The boys around here would mention server's butt and their affection for corn starch.

I melted my contacts once: steam came out of an oven, and all of a sudden my eyes hurt. Then I realized that I couldn't see right. The contacts had shriveled up and fell out when the steam hit them.

At the same job, the boss broke my ring finger by dropping a case of turkeys on it.

@Bridget: Ah corn starch. Reminds me of my fellow line cooks at Park Avenue Cafe back in the day. It works but makes a slurry after 10 hours, I assure you.

Like everyone so far, I've had my share of cuts and burns (including one my chin that I will never forget), but the strangest on-the-job malady was when a cook I worked next to at Mesa Grill got warts from handling a lot of meat.

@rasellers0: Yeah. I don't imagine you'd see it that much. You'd really have to be doing the exact same things the whole day for many days to get it. As far as I can tell, baristas usually are making a variety of different drinks with different methods. So maybe if you were at some kind of trade show and repeatedly making the same exact drink to promote it... Or maybe if you work at a shop that makes only one labor intensive drink...

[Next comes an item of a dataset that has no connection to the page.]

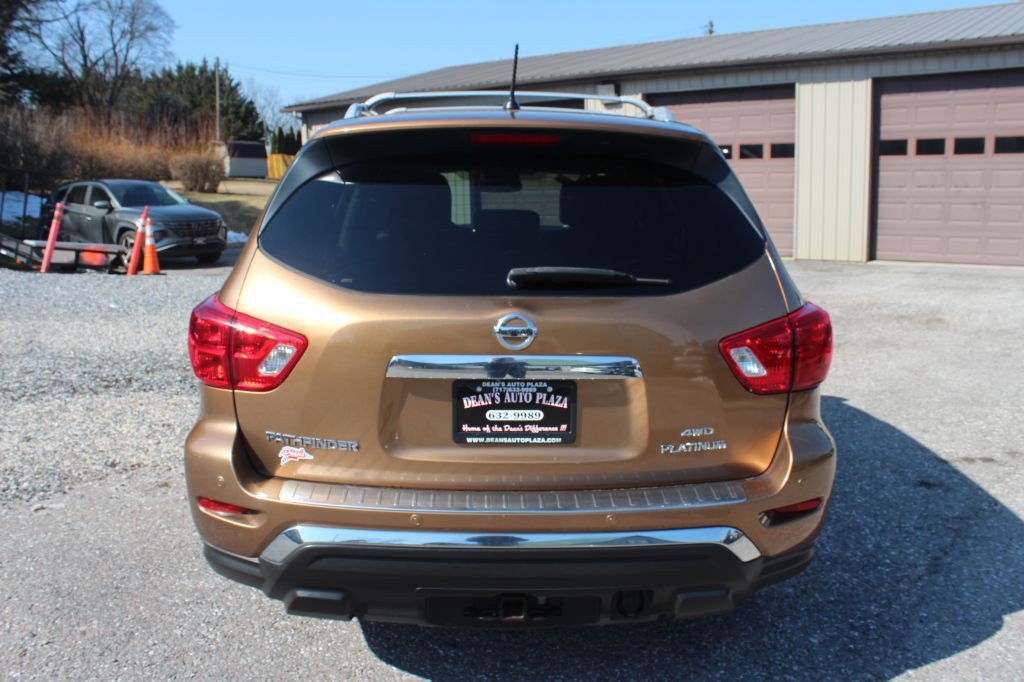 2017 Nissan Pathfinder Image 6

@ Bridget tell the boys about a powder I found at the drug store called "Anti Monkey Butt" it has calamine in it, it works for sure!! The label is hilarious a big monkey with a red rear end. I used to get cuts from the foil on wine bottles too!! Now its mostly neck strain from looking down so much prepping food. My chiropractor tells me to ice it but I'm too lazy when I get home.

I had an employer who refused to fix the oven door. The repairman didn't replace the screws holding the outer and inner pannels when he fixed the springs in the door. I had reported it several times. One night during service, I put a steak in the oven to finish, and the door separated, burning my arm with a nice 500 degree sear. I was furious. I told the owner that unless he had it fixed by the next service, I would file worker's comp, call OSHA, and quit (it was during tourist season, and it was a tiny restaurant). The other line cook said he wouldn't cook anything else that had to go in that oven until it was fixed. The door was fixed by the next day. Why couldn't they just fix it the first time I said something about it?

The worst definitely had to be the day the chef was having a really bad day and was incredibly pissed off (I can't remember at what). I was working the grill/griddle and when the order came in for some grilled chicken sandwiches, he threw the breasts at full force on the grill, splashing hot grease all over my face and neck. I was quite the attractive guy for the next month.

Then there were the deli slicer fingertip injuries, knife injuries and my favorite was that I developed severe excema on my hands from all my years in the kitchen and pretty much couldn't touch anything (citrus, tomatoes, dishwater, cleaning supplies, you name it) without searing pain for about 3 months. Good Times.